During training, randomly zeroes some of the elements of the input tensor with probability p using samples from a Bernoulli distribution.

Each channel will be zeroed out independently on every forward call.

### Hyper parameters
batch_size = 128
n_epochs = 5
learning_rate = 0.01
input_size = 28*28
hidden_size = 100
output_size = 10
l2_norm = 0 # without using l2 penalty
get_grad = False

# declare a model
model = FeedForwardNeuralNetwork(input_size=input_size, hidden_size=hidden_size, output_size=output_size)
# Cross entropy
loss_fn = torch.nn.CrossEntropyLoss()
# l2_norm can be done in SGD
optimizer = torch.optim.SGD(model.parameters(), lr=learning_rate, weight_decay=l2_norm) 
# Set dropout to True and probability = 0.5
model.set_use_dropout(True)
train_accs, train_losses = fit(train_loader, test_loader, model, loss_fn, optimizer, n_epochs, get_grad)
Epoch: 1/5. Train set: Average loss: 2.0297, Accuracy: 74.1700
Epoch: 1/5. Validation set: Average loss: 89.8412, Accuracy: 74.3100
Epoch: 2/5. Train set: Average loss: 0.8378, Accuracy: 86.6600
Epoch: 2/5. Validation set: Average loss: 36.5149, Accuracy: 87.0900
Epoch: 3/5. Train set: Average loss: 0.5397, Accuracy: 88.9917
Epoch: 3/5. Validation set: Average loss: 28.3120, Accuracy: 89.1800
Epoch: 4/5. Train set: Average loss: 0.4486, Accuracy: 90.5850
Epoch: 4/5. Validation set: Average loss: 24.2983, Accuracy: 90.5500
Epoch: 5/5. Train set: Average loss: 0.3940, Accuracy: 91.5483
Epoch: 5/5. Validation set: Average loss: 21.7570, Accuracy: 91.4200

观察batch_normalization对结果的影响

Batch normalization is a technique for improving the performance and stability of artificial neural networks

\begin{equation}
y=\frac{x-E[x]}{\sqrt{Var[x]+\epsilon}} * \gamma + \beta,
\end{equation}

γ \gamma γ and β \beta β are learnable parameters

### Hyper parameters
batch_size = 128
n_epochs = 5
learning_rate = 0.01
input_size = 28*28
hidden_size = 100
output_size = 10
l2_norm = 0 # without using l2 penalty
get_grad = False

# declare a model
model = FeedForwardNeuralNetwork(input_size=input_size, hidden_size=hidden_size, output_size=output_size)
# Cross entropy
loss_fn = torch.nn.CrossEntropyLoss()
# l2_norm can be done in SGD
optimizer = torch.optim.SGD(model.parameters(), lr=learning_rate, weight_decay=l2_norm) 
model.set_use_bn(True)
model.use_bn
True
train_accs, train_losses = fit(train_loader, test_loader, model, loss_fn, optimizer, n_epochs, get_grad)
Epoch: 1/5. Train set: Average loss: 1.0543, Accuracy: 91.7083
Epoch: 1/5. Validation set: Average loss: 35.6068, Accuracy: 92.0500
Epoch: 2/5. Train set: Average loss: 0.3326, Accuracy: 94.5767
Epoch: 2/5. Validation set: Average loss: 19.0148, Accuracy: 94.4000
Epoch: 3/5. Train set: Average loss: 0.2085, Accuracy: 95.9867
Epoch: 3/5. Validation set: Average loss: 13.7753, Accuracy: 95.5100
Epoch: 4/5. Train set: Average loss: 0.1552, Accuracy: 96.8933
Epoch: 4/5. Validation set: Average loss: 11.2369, Accuracy: 96.2400
Epoch: 5/5. Train set: Average loss: 0.1243, Accuracy: 97.4067
Epoch: 5/5. Validation set: Average loss: 9.7330, Accuracy: 96.5500

观察数据增广对结果的影响

  • torchvision.transforms.RandomHorizontalFlip:随机水平翻转给定的PIL.Image,概率为0.5。

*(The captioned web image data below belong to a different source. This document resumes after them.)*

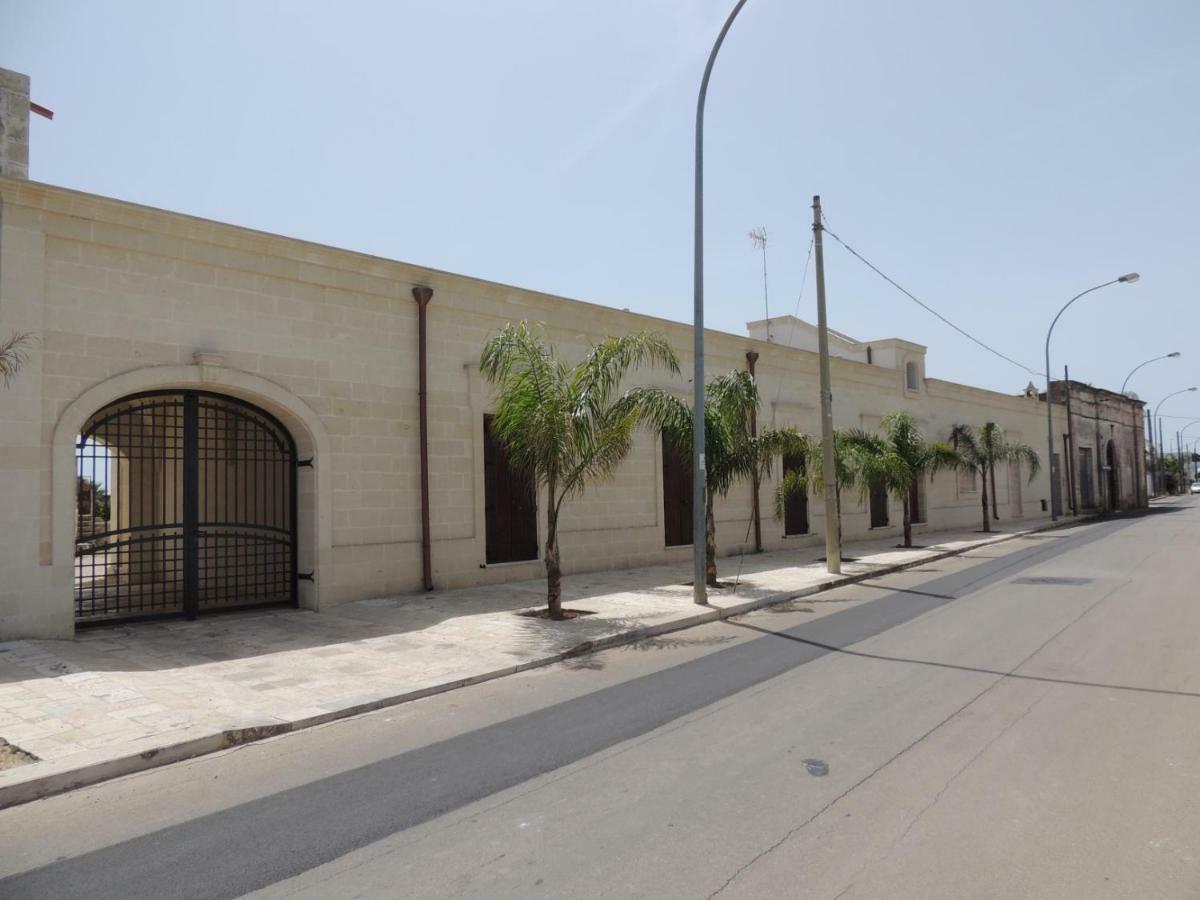 Masseria Pasturi Avetrana Bagian luar foto
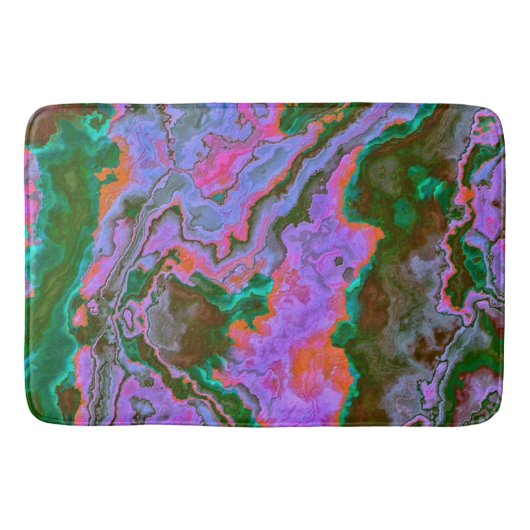 Sour Marble Bath Mat (Voorkant)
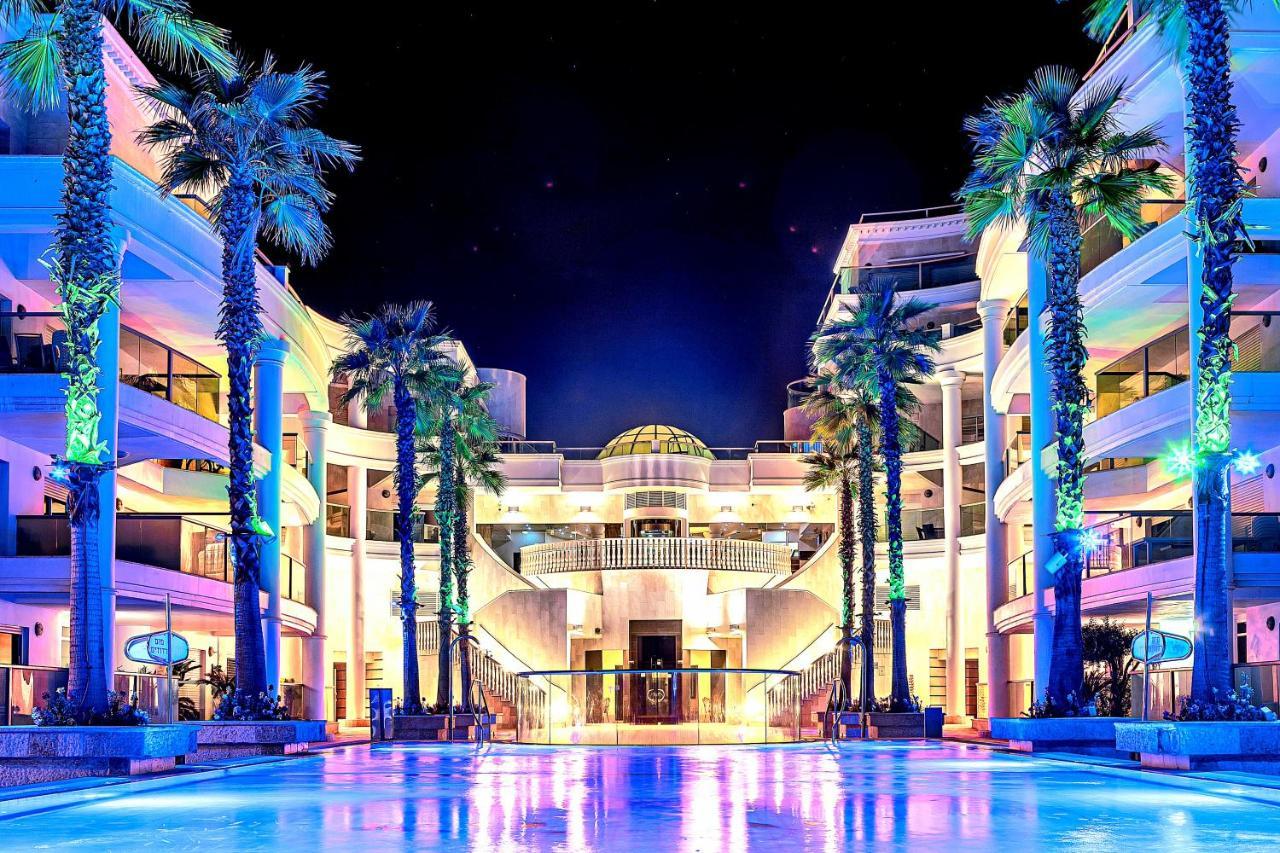 Milana'S Deluxe With Big Patio And Pool Apartment Eilat Luaran gambar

即:一半的概率翻转,一半的概率不翻转。
  • class torchvision.transforms.RandomCrop(size, padding=0),随机裁剪,size可以是tuple也可以是Integer。

详见 https://pytorch-cn.readthedocs.io/zh/latest/torchvision/torchvision-transform/

# only add random horizontal flip
train_transform_1 = transforms.Compose([
    transforms.RandomHorizontalFlip(),
    transforms.ToTensor(), # Convert a PIL Image or numpy.ndarray to tensor.
    # Normalize a tensor image with mean and standard deviation
    transforms.Normalize((0.1307,), (0.3081,))
])

# only add random crop
train_transform_2 = transforms.Compose([
    transforms.RandomCrop(size=[32,32], padding=4),
    transforms.ToTensor(), # Convert a PIL Image or numpy.ndarray to tensor.
    # Normalize a tensor image with mean and standard deviation
    transforms.Normalize((0.1307,), (0.3081,))
])

# add random horizontal flip and random crop
train_transform_3 = transforms.Compose([
    transforms.RandomHorizontalFlip(),
    transforms.RandomCrop(size=[32,32], padding=4),
    transforms.ToTensor(), # Convert a PIL Image or numpy.ndarray to tensor.
    # Normalize a tensor image with mean and standard deviation
    transforms.Normalize((0.1307,), (0.3081,))
])
# reload train_loader using trans

train_dataset_1 = torchvision.datasets.MNIST(root='./data', 
                            train=True, 
                            transform=train_transform_1,
                            download=False)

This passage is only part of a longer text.